In the interests of the social gospel and its concern for the common good, and with no pretense of technical competence, I have a win-win solution for the neuralgic regional problem of dredging the Delaware River. Environmentalists oppose it, saying it will foul the drinking water that is drawn from the river above the salt line. They argue that PCBs and heavy metals will be stirred up and then taken ashore to stand in unsightly mountains. They maintain that wetlands, fish and wildlife would be affected badly.
Economists favor dredging the river so that larger ships can navigate it farther north, bringing jobs and increased trade to the Delaware Valley. Dredging already is being done on a maintenance basis, but this plan, which has been in and out of courts for years, wants to go to a depth of 45 or 50 feet, deeper than most of the river currently is. New Jersey and Delaware are suing to keep from being the dumping grounds, while Pennsylvania, which was slated at one point to host dumping in exhausted coal mines, will not take any of the sand, clay and silt on its territory.
The solution: dredge to 50 feet or more and load the “dredge spoils” onto barges which would take it just far enough out into the Atlantic to be of no danger to the environment or to ocean depths needed for ship passage. Environmentalists would like that less energy would be needed: only fuel for the barges, instead of fuel needed to off-load the material via heavy equipment onto trucks for transport to some area deemed fit to suffer indefinitely from unsightly grey, malodorous mounds 30 or 40 feet high. We are talking about 16 million cubic yards of mud. They would also like that underwater material would merely go back to being underwater, but in a better place.
Economists who have been arguing for dredging say that this would propel the area far beyond its present maximum of 400 ships, 4,000 jobs, 4 million annual tons of products, and $400 million in trade revenue. While they don’t want the river spoils on their front lawn, neither do environmentalists want to see people out of productive work in our hurting economy.
Studies done in 1997 but considered generally still in force claim that dredging can be done safely. The Army Corps of Engineers would oversee the $397 million project. Unions want it because it will generate thousands of jobs. So does the Philadelphia Regional Port Authority.
Rivers are regularly dredged to counteract the normal filling in of the depths needed for shipping lanes. It is usually done with awareness of the environment. But politics muddies the waters when ports in north Jersey try to hobble in Trenton or Washington this South Jersey effort. Vested interests like these usually collide in state or federal government offices. So folks concerned about the common good of all people, namely those property owners downwind from the unnatural dunes, and those struggling to make and keep good jobs, are used to jousting and arguing the relative merits of such conflicts.
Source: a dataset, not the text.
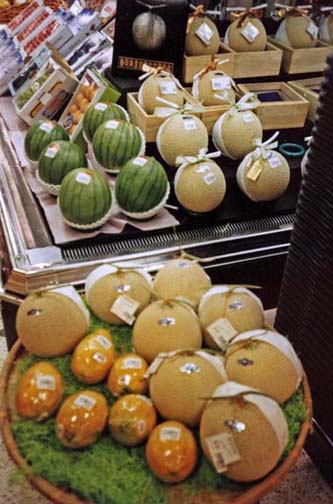 Expensive melons, lavishly presented. Japan is the land of excess packaging. In a bakery, each roll is separately wrapped, then the whole put in a plastic bag. Buy a carton of juice and that gets its own bag too. May 22, 1998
That is why conscientious Christians and others have no problem with subjects as mundane and secular as river dredging being featured in Catholic newspapers which are not afraid of losing their tax-exempt status as non-profits. This is why we have Catholic newspapers. They inform people of any faith of activities affecting the common good, the people at large and what is best for the community. Popes and bishops even before Vatican II have urged baptized and confirmed congregants to take seriously their responsibility for the state. A democracy from the civil point of view will not flourish if people continue to abandon citizen oversight to the vested interests.
River dredging is a good test case for church counsel offered to government through the media to benefit people. It is non-partisan. It does not favor one side only because it is powerful. People who benefit from such counsel, perhaps because they would not have to look at mounds of mud, appreciate church comment. Those who do not immediately benefit, such as those who run medical insurance companies, probably would not like church support of public options in the different controversy of the reform of medical coverage.